Justin Whear:
If anything, component programming is just functional
programming + templates and some nice syntactic sugar.
And a healthy dose of pure awesome.
What D calls "component programming" is very nice and good, but
in D it's almost a joke.
Currently this code inlines nothing (the allocations, the
difference and the product):
import std.numeric: dotProduct;
int main() {
enum N = 50;
auto a = new int[N];
auto b = new int[N];
auto c = new int[N];
c[] = a[] - b[];
int result = dotProduct(c, c);
return result;
}
If you write it in component-style (using doubles here):
import std.math;
import std.algorithm, std.range;
int main() {
enum N = 50;
alias T = double;
auto a = new T[N];
auto b = new T[N];
return cast(int)zip(a, b)
.map!(p => (p[0] - p[1]) ^^ 2)
.reduce!q{a + b};
}
The situation gets much worse, you see many functions in the
binary, that even LDC2 often not able to inline. The GHC Haskell
compiler turns similar "components" code in efficient SIMD asm
(that uses packed doubles, like double2), it inlines everything,
merges the loops, produces a small amount of asm output, and
there is no "c" intermediate array.
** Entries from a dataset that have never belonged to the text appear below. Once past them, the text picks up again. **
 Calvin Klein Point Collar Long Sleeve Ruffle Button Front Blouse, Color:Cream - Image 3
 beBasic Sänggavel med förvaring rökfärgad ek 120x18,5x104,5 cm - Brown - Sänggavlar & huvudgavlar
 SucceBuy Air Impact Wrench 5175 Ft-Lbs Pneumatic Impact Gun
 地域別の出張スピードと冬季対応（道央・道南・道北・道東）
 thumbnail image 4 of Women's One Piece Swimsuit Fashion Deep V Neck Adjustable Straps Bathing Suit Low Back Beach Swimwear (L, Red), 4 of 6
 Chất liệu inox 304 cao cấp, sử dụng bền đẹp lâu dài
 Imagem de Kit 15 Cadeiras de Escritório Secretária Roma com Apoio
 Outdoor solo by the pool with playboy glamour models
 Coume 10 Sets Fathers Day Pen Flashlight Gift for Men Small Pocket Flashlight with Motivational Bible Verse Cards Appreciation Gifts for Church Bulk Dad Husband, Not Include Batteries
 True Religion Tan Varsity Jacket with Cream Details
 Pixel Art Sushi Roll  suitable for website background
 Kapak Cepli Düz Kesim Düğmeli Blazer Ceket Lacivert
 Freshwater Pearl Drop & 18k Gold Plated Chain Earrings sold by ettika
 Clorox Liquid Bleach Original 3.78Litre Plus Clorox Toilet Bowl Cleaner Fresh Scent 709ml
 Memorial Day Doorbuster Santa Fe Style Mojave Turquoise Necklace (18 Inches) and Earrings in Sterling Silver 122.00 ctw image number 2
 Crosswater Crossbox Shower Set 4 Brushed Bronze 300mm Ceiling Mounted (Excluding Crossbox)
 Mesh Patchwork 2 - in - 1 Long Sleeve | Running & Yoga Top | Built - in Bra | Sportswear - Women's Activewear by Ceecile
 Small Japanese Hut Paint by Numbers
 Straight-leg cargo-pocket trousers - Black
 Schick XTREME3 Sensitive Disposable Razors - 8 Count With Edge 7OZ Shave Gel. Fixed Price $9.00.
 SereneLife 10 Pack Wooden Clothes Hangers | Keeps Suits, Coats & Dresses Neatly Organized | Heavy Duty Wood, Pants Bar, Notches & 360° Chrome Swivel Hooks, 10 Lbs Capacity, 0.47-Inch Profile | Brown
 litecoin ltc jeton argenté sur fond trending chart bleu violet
In GHC "component
programming" is mature (and Intel is developing an Haskell
compiler that is even more optimizing), while in D/dmd/Phobos
this stuff is just started. GHC has twenty+ years of head start
on this and it shows.
The situation should be improved for D/dmd/Phobos, otherwise such
D component programming remains partially a dream, or a toy.